**Exercise details**. From the first line to the last, copy the data exactly and drop the pictures.

**Given data**.
--- START ---
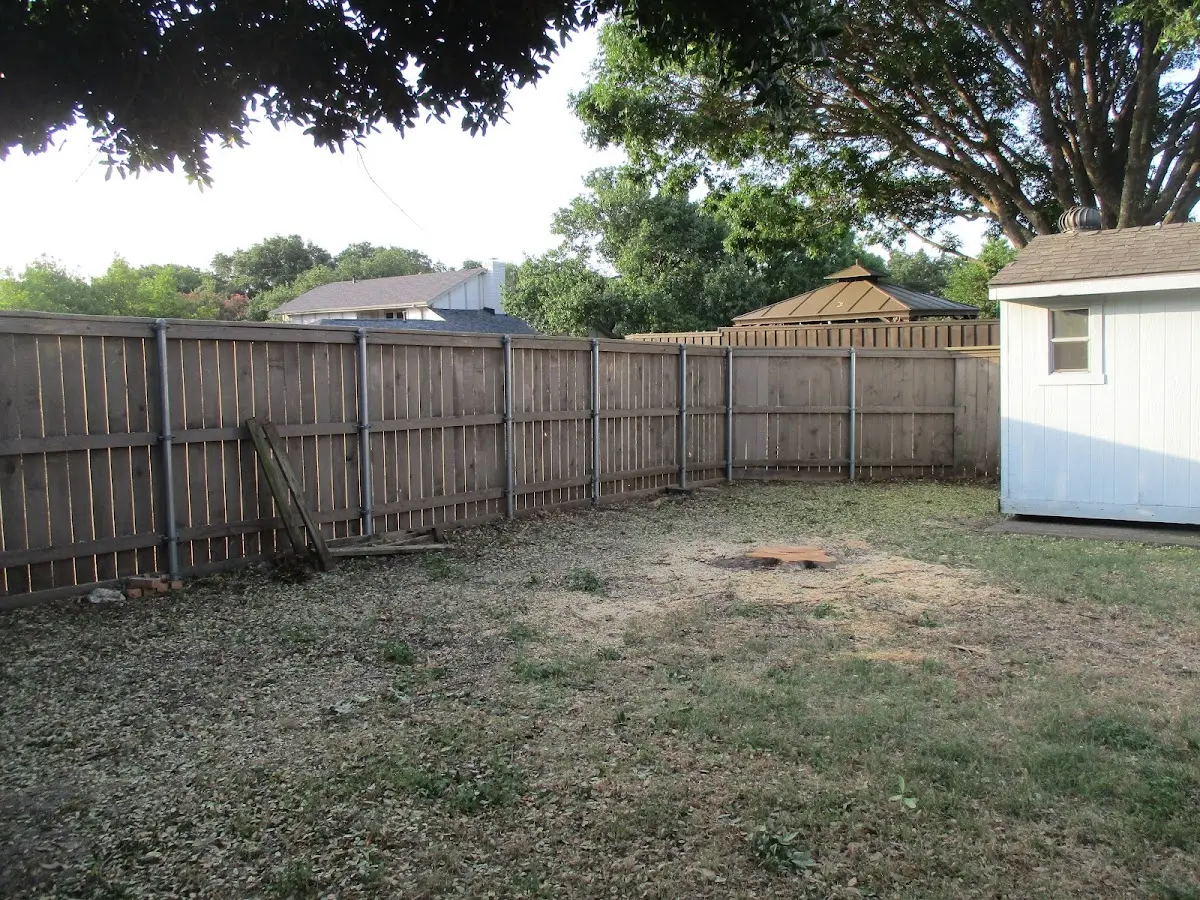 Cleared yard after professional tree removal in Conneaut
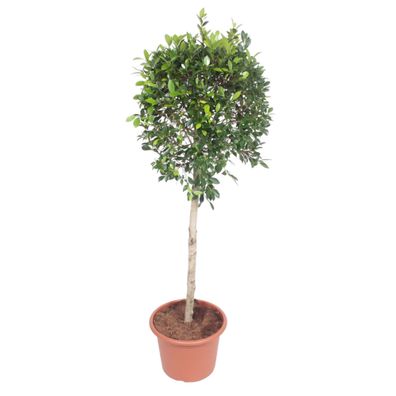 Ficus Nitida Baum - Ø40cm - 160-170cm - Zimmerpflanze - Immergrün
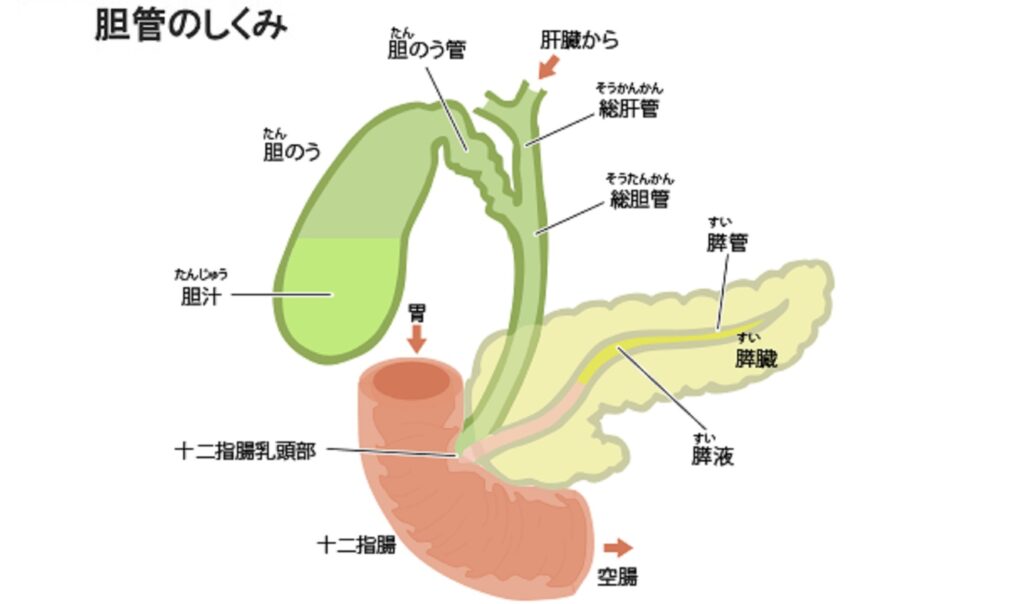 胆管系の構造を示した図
--- END ---
**Completed task**.
 Cleared yard after professional tree removal in Conneaut
 Ficus Nitida Baum - Ø40cm - 160-170cm - Zimmerpflanze - Immergrün
 胆管系の構造を示した図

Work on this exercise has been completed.